The "Pandora's Box" series (1998-1999) was produced for my Masters' degree.  The work is concerned with evoking feelings of ambivalence through the chosen subject matter of insects and reptiles, which are often regarded as both fascinating and horrible, attractive and repellent.

 

Through the inclusion of boxes attention is drawn to acts of revealing/exposing and concealing and the ambivalence associated with them.  The consequence of such actions is perhaps most immediately brought to mind by the myth of Pandora's Box. Pandora was believed to have been made in heaven and thus extremely beautiful and blessed by the gods.  However, her action of opening the box in defiance of a divine injunction let loose all the evils and infinite calamities of the world.
My current body of work, "Fragments" takes sea creatures as its theme.  In "Fragments: Octopus" the surface of the board has been modeled to suggest an aerial landscape.  The entire animal is not depicted.  In this way the representation is fragmented.  The title also suggests a certain unease and perhaps alludes to a sense of loss and pain.  Many of the works consist of more than one part, further highlighting the sense of fragmentation.
Fragments: Octopus  2000, mixed media and oil
Fragments: Jellyfish  2001, mixed media and oil
Fragments:  Sea Raven  2001, mixed media and oil

 

Aperture I   2000, pastel on paper Aperture II  2000, pastel on paper
In 2000 I started producing pastel drawings.  This was largely due to my stay at Hospitalfield House, Arbroath.  While there I produced the paired works "Aperture I" and "Aperture II".  I worked from images of fish eyes in the upper half of each work while handling the lower section in a different way.
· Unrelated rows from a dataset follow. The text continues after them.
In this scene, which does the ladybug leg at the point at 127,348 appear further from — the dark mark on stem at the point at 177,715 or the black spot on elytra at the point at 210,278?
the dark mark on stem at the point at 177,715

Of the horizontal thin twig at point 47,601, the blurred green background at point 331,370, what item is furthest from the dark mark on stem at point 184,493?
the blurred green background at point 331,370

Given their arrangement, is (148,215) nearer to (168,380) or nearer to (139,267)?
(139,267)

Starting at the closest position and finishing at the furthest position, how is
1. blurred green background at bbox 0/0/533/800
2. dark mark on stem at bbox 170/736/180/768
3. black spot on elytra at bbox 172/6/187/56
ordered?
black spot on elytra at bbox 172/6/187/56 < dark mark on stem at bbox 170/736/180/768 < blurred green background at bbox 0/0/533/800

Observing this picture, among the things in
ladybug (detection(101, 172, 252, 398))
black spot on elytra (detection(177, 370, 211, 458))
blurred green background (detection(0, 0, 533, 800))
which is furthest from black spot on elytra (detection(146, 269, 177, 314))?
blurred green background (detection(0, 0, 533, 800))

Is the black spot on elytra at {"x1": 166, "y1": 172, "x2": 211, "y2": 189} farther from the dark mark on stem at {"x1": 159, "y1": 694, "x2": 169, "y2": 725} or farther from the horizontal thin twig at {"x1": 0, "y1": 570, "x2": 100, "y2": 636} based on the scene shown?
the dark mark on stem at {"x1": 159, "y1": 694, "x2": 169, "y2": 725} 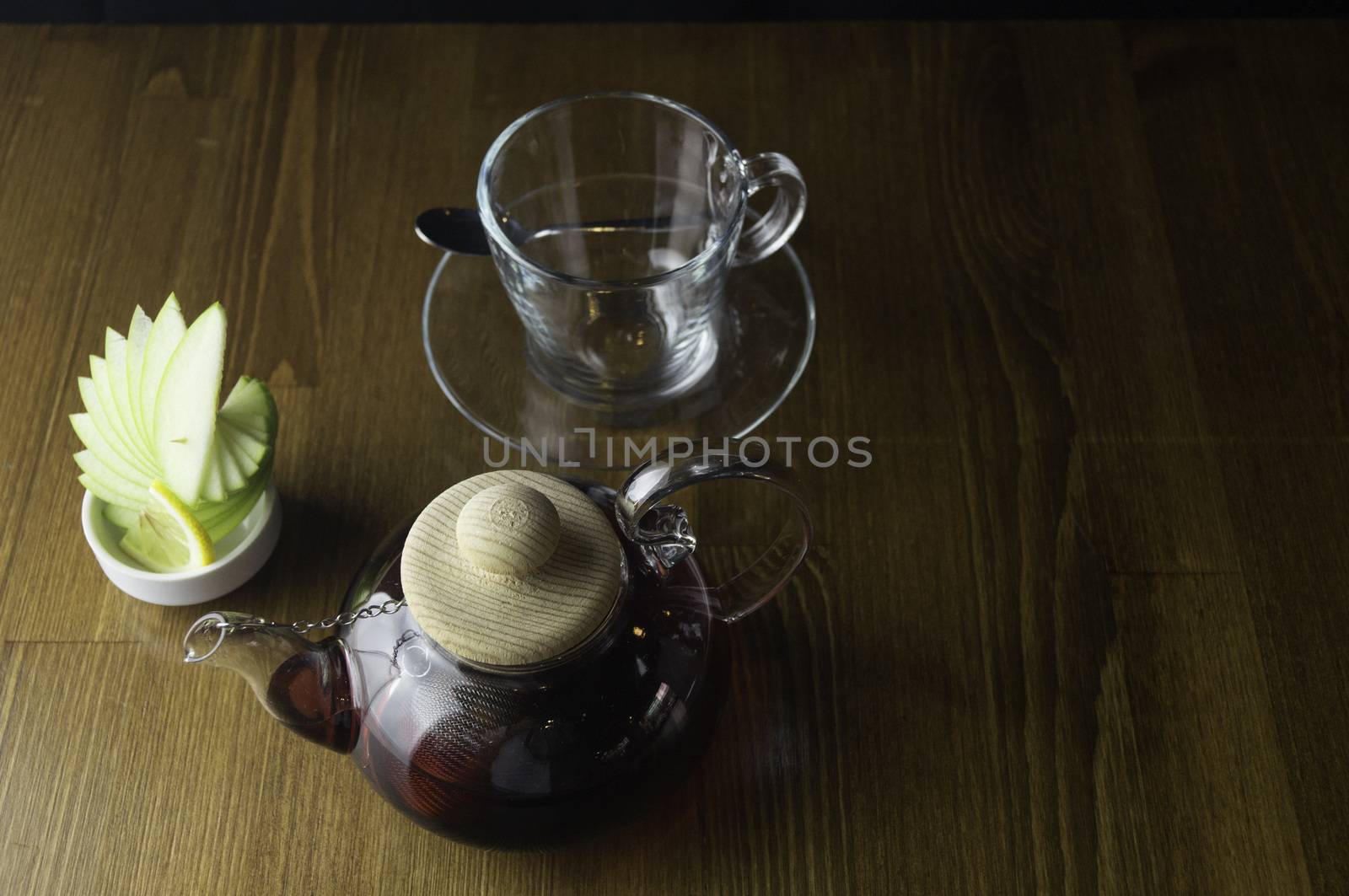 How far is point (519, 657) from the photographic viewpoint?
1.47ft

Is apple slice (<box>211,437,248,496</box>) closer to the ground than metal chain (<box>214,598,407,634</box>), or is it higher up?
higher up

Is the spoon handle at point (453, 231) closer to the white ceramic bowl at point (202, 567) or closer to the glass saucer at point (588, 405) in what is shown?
the glass saucer at point (588, 405)

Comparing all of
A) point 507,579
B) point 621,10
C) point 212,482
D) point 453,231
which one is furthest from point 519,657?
point 621,10

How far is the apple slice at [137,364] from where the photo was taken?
0.59 meters

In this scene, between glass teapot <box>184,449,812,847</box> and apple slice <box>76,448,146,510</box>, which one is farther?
apple slice <box>76,448,146,510</box>

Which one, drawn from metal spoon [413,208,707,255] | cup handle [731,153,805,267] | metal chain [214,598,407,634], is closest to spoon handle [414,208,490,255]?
metal spoon [413,208,707,255]

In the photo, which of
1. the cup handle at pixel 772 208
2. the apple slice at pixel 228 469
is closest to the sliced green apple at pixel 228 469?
the apple slice at pixel 228 469

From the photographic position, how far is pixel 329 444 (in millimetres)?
677

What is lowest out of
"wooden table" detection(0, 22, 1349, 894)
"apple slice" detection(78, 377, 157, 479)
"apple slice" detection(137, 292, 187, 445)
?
"wooden table" detection(0, 22, 1349, 894)

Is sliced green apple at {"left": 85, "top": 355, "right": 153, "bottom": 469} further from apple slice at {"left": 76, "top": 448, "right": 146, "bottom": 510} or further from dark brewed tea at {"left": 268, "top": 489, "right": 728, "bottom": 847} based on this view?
dark brewed tea at {"left": 268, "top": 489, "right": 728, "bottom": 847}

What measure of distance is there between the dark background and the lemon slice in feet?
1.60

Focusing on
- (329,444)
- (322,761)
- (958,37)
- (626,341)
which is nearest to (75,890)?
(322,761)

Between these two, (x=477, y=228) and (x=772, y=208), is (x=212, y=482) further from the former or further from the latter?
(x=772, y=208)

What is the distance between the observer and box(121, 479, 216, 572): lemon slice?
577mm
By fracturing the images, a sense of mystery is created.  "Aperture" refers to the image of the eye as well as to the eye of the camera which fractures and distorts.
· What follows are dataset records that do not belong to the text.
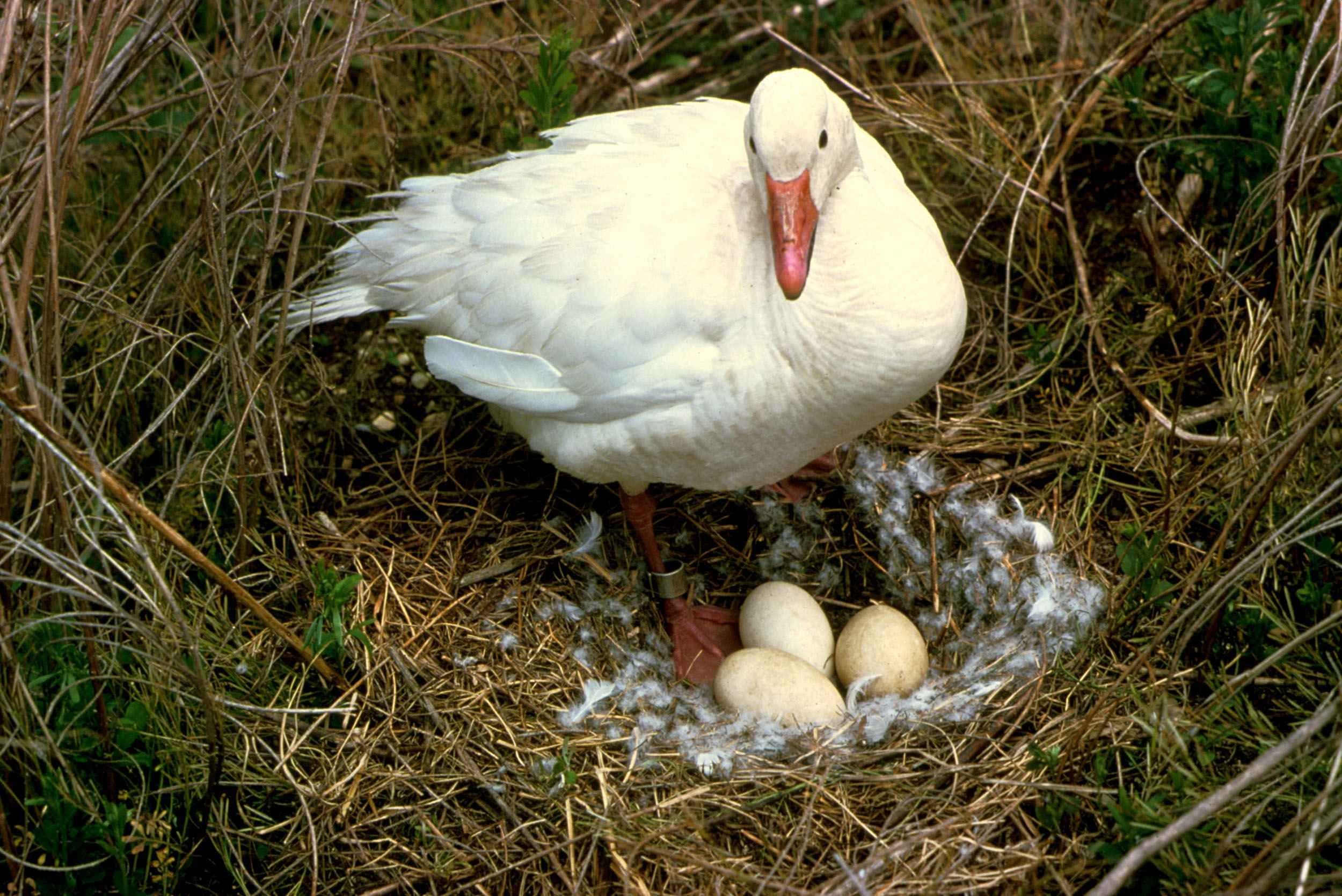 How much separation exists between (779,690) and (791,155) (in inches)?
46.3

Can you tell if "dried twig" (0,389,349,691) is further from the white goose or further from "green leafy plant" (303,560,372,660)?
the white goose

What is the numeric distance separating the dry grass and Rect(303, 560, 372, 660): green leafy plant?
0.28ft

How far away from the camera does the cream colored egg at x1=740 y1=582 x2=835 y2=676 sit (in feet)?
9.72

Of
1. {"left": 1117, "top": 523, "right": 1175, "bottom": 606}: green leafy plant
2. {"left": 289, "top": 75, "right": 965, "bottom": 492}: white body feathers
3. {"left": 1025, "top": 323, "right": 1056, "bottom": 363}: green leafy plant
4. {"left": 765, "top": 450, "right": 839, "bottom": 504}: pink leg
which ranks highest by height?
{"left": 289, "top": 75, "right": 965, "bottom": 492}: white body feathers

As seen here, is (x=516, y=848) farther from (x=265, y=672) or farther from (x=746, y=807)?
(x=265, y=672)

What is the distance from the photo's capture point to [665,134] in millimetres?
2959

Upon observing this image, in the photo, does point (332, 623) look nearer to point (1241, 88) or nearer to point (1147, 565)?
point (1147, 565)

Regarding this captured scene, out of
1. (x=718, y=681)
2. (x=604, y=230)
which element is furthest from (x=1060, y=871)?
(x=604, y=230)


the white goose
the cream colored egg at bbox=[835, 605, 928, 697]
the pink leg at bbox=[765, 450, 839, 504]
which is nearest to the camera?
the white goose

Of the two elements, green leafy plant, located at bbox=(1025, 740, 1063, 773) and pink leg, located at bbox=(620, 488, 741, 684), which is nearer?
green leafy plant, located at bbox=(1025, 740, 1063, 773)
In "Aperture I " the lower area is taken from a photograph of a rope I took on Arbroath beach.  There is a connection to the upper part of the drawing as both images images have a relation to the sea.  However, I found the discarded rope to be 'alien'.  In the same way the lower section of "Aperture II" is somewhat alien.  During the making of this work my father died.  I took as my reference a rotten peach I had discovered which in its advanced state of decay did not much resemble a fruit.
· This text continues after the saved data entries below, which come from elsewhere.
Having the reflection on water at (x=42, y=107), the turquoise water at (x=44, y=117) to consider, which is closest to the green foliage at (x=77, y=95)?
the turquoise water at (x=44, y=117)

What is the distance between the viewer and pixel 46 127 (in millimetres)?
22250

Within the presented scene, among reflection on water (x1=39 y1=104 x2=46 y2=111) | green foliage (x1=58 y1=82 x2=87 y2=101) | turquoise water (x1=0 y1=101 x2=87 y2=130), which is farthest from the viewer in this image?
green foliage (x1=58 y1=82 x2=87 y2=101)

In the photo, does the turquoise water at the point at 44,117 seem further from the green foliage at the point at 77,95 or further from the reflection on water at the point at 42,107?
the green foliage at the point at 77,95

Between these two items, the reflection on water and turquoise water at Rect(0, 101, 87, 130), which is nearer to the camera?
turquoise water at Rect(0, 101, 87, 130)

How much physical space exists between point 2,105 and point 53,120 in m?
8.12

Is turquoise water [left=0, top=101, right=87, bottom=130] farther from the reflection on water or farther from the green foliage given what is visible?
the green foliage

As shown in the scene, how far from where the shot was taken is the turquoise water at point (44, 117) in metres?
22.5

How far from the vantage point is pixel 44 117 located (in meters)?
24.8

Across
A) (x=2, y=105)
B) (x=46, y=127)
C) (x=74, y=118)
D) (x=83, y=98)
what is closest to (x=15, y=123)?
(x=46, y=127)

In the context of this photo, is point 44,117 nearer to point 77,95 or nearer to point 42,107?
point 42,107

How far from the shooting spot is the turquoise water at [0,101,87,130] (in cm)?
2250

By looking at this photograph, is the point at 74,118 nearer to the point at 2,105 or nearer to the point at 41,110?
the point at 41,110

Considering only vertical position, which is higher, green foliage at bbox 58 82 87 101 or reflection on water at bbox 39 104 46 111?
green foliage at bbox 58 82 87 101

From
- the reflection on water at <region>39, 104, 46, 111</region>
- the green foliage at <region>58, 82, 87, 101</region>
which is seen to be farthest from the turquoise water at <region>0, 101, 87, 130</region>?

In Broken Images    2001,   pastel on paper

In broken images          Robert Graves

 

He is quick, thinking in clear images;

I am slow, thinking in broken images.

 

He becomes dull, trusting to his clear images;

I become sharp, mistrusting my broken images.

 

Trusting his images, he assumes their relevance;

Mistrusting my images, I question their relevance.

 

Assuming their relevance, he assumes the fact;

Questioning their relevance, I question the fact.

 

He continues quick and dull in his clear images;

I continue slow and sharp in my broken images.

 

He in a new confusion of his understanding;

I in a new understanding of my confusion.

The title "In Broken Images" is taken from a poem by Robert Graves.  The drawing was executed on four separate sheets of paper.  I worked from four photographs I had taken of a tree.  Together the fragmented pieces come together creating a semi-abstract and ambiguous image.